The king of Kent is baptized
Ethelbert of Kent converts
Ethelbert of Kent is the most powerful king in southern Britain. He is also the husband of a Christian woman who has been praying for his conversion for years.
He gives Augustine and his monks permission to preach. They proceed through Canterbury singing litanies, carrying a silver cross and an image of Christ painted on a board. The sight is unusual enough in pagan Britain to attract attention.
They are given a church — the old Roman church of Saint Martin's, which Bertha has been using for her own worship. It is the oldest church in continuous use in England, still standing today.
Ethelbert listens to Augustine preach. He thinks carefully. He says: Your words and promises are fair enough, but because they are new and uncertain I cannot consent to them and leave the customs I have held together with all the English people for so long. However, since you come as strangers from afar, and I think you are sincere men who wish to give us what you believe to be good, we will not harm you. We will give you housing and supplies, and we do not forbid you to preach.
Sometime later — Bede says it is many days — Ethelbert converts and is baptized.

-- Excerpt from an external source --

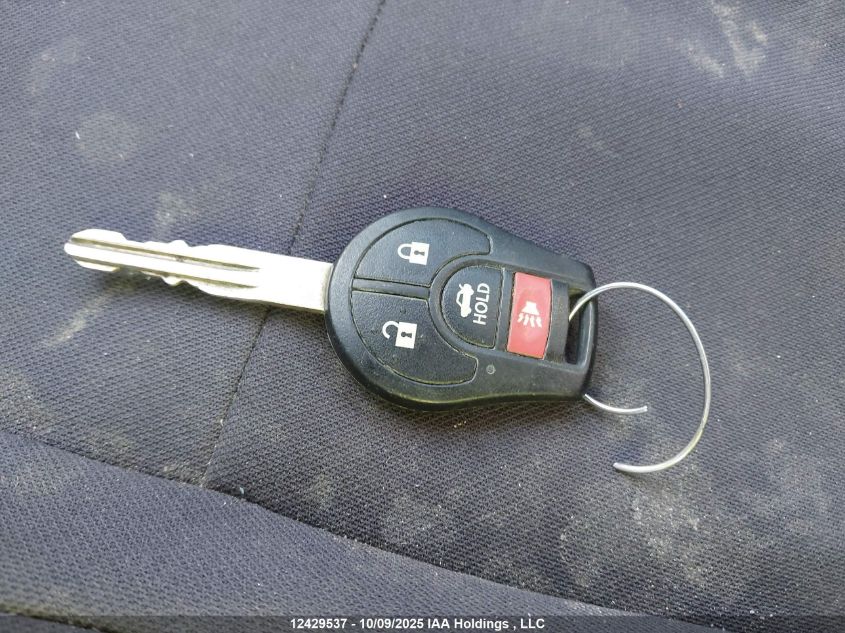 2015 Nissan Sentra S/Sv/Sr/Sl VIN: 3N1AB7AP8FL651460 Lot: 12429537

The conversion of a king in the early medieval world is not a private spiritual decision. When the king converts, the court converts, and the kingdom follows. Thousands are baptized.
“I cannot consent to leave the customs of my ancestors at once; but since you come from afar, we will not harm you, and will give you housing and food.”
— Ethelbert of Kent to Augustine, as recorded by Bede, c. 597 AD
“A certain woman named Lydia, a seller of purple, of the city of Thyatira, one who worshipped God, heard us; whose heart the Lord opened to listen to the things which were spoken by Paul. When she and her household were baptized, she begged us, saying, If you have judged me to be faithful to the Lord, come into my house, and stay. She urged us.”
Ethelbert's initial response is more honest than most conversion accounts: your words are fair, but I cannot immediately leave what I have always believed. Come, stay, preach, but I make no promises.
And then he converted anyway.
The Lord opened hearts in Acts and he opens them in Kent. The preparation was years of Bertha's prayer and Gregory's correspondence. The mission was Augustine's long journey. But the opening was God's.
This is the pattern of every significant conversion — human preparation and divine action, months and years of groundwork followed by a moment when something opens that no human hand could open.
Who are you preparing the ground for? Who are you praying for that you are not yet seeing results with? The opening comes in its own time.